By many accounts, the slowdown will not become a bust, with a moderate decline in prices over the next couple of years. Not all observers believe that, though.

“The conventional wisdom is that Canadian housing is headed for a slowdown (at best), with many looking for something much nastier,” deputy chief economist Douglas Porter of BMO Nesbitt Burns said in a report this week.

“While the timing of said slowdown remains up in the air (and it’s no foregone conclusion it will start this year), it is highly unlikely that Canada’s housing market can continue its recent winning ways.”

Mr. Porter’s colleague at BMO, senior economist Sal Guatieri, doesn’t expect the “nastier” turn, saying in a separate report that the market is losing steam, and that valuations remain a worry, but that there will still be “modest gains” in overall sales this year, along with steady prices, a dip in housing starts and more moderate mortgage growth compared to its pace of almost 8 per cent.

"If you listen closely you can hear the sound of air seeping out of Canada's housing balloon," Mr. Guatieri said in his report.

"(Unlike a bubble, a balloon can deflate slowly.) Outside of Toronto and Saskatchewan, home sales have moderated since new mortgage rules were introduced in March (for the third time in four years). Markets are balanced in over half the country, but sellers still rule in Toronto, Saskatchewan and Manitoba. Prices have pulled back moderately from spring highs, led by once white-hot Vancouver."

There are regional differences, of course. Senior economist Jacques Marcil of Toronto-Dominion Bank believes housing markets will weigh on the economies of British Columbia and Ontario.

Mr. Marcil said as he projected a “significant correction” this year, noting that the hot Vancouver market probably peaked in 2011.

Mr. Marcil expects resales in B.C. to sink 3.7 per cent this year, and prices 3.5 per cent.

"The correction will extend into 2013, as unit resales fall a further 5 per cent while prices slip 4.4 per cent," he said.

Indeed, the Real Estate Board of Greater Vancouver reported this week that sales last year climbed 5.9 per cent from 2010, but slowed at the end of the year. Sales in December fell 12.7 per cent from the same month a year earlier. And while prices were still up by 7.6 per cent, they were 1.5 per cent below their peak of June, 2011.

Mr. Marcil also expects Toronto’s condo market to slow.

"In addition to the growing pipeline of supply, the knock-on effects of financial market volatility to buyer confidence will likely result in a cooling down in condominium sales in the region in 2012 and 2013,” he said.

For now, the Toronto housing market is still going strong over all, The Globe and Mail’s Sean Silcoff reported this week.

According to the Toronto Real Estate Board, sales in December climbed 10.1 per cent from a year earlier, and prices rose 4 per cent.
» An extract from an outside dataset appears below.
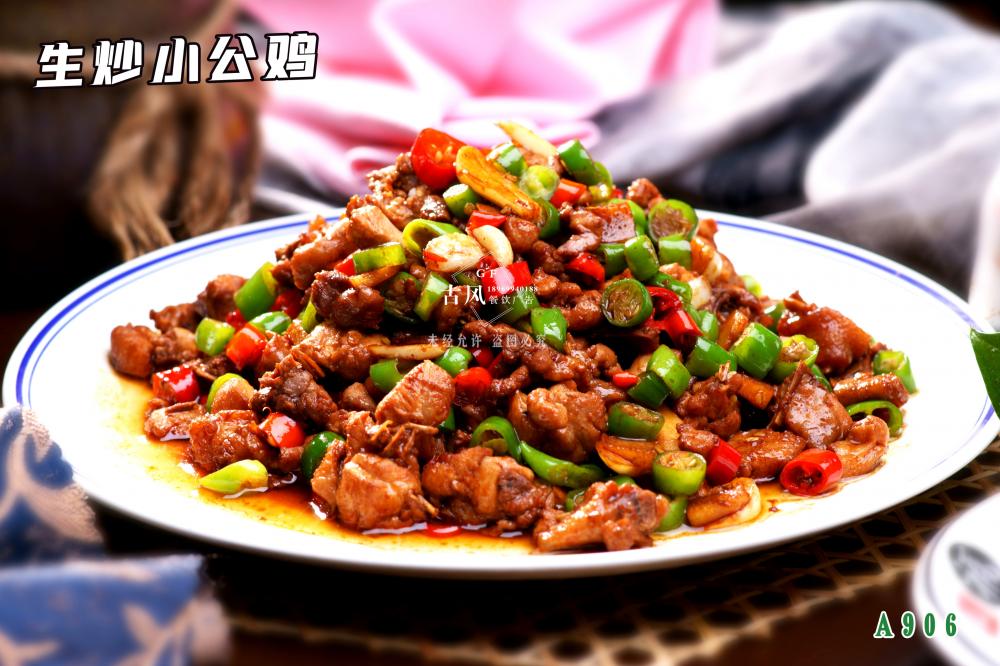 A906生(shēng)炒小(xiǎo)公雞 生(shēng)炒雞 竹林(lín)雞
That marked the end of the second-strongest year in records dating back to 1994.

Markets will be watching next Tuesday when Canada Mortgage and Housing Corp. reports the level of home building in December. While housing starts are expected to begin dipping going forward, December's reading is expected to show an annualized reading in the area of 190,000.

"Analysts in recent months had been expecting housing construction to slow, led by weaker multiples construction - with the heated condo market losing its affordability edge over detached properties," said CIBC World Markets economists Emanuella Enenajor.
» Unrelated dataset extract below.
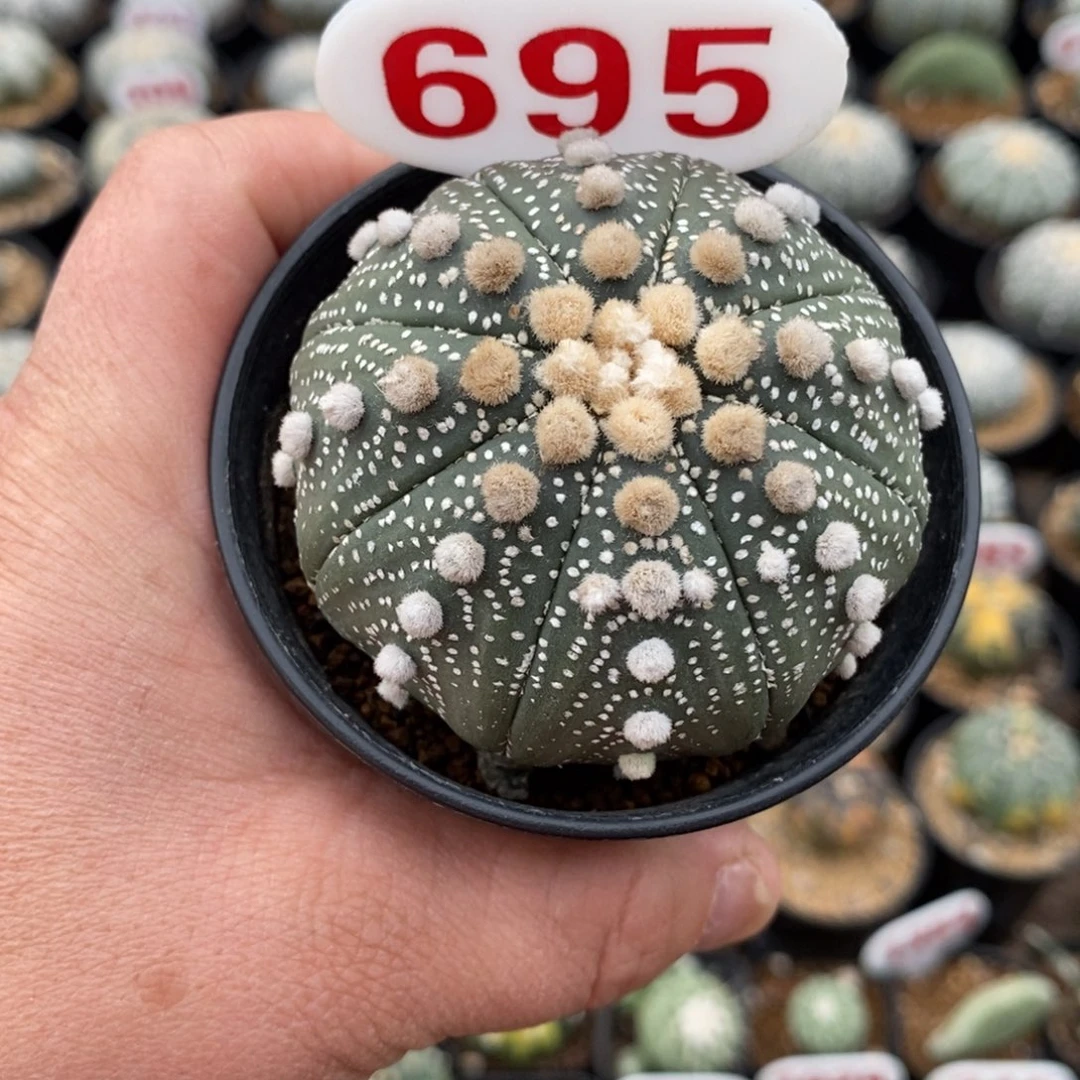 695特价系列来哦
"But November’s 13,000 fall in starts to 181.000, the lowest level in nine months, came as an outsized surprise, even with the weakness driven by multiples (condo) building. While we expect housing starts to trend down in the quarters ahead, November’s sharp plunge could correct in December, with starts rising to 189,000. However, even with the year-end uptick in home building, weak housing starts readings in earlier months suggests that residential construction could be a drag on [fourth-quarter]GDP growth, after providing a generous lift in [the third quarter]"

As senior economist Michael Gregory, also of BMO Nesbitt Burns, sees it, Canada's housing market is "stabilizing" amid slow job growth in the second half of last year, waning consumer confidence, a drop-off in foreign investment from Asia, and the tighter mortgage rules. The bounce-back in housing starts that is believed to have taken place in December in fact marks just a partial rebound in starts of multiple units, such as condos, and poor weather in some regions in November.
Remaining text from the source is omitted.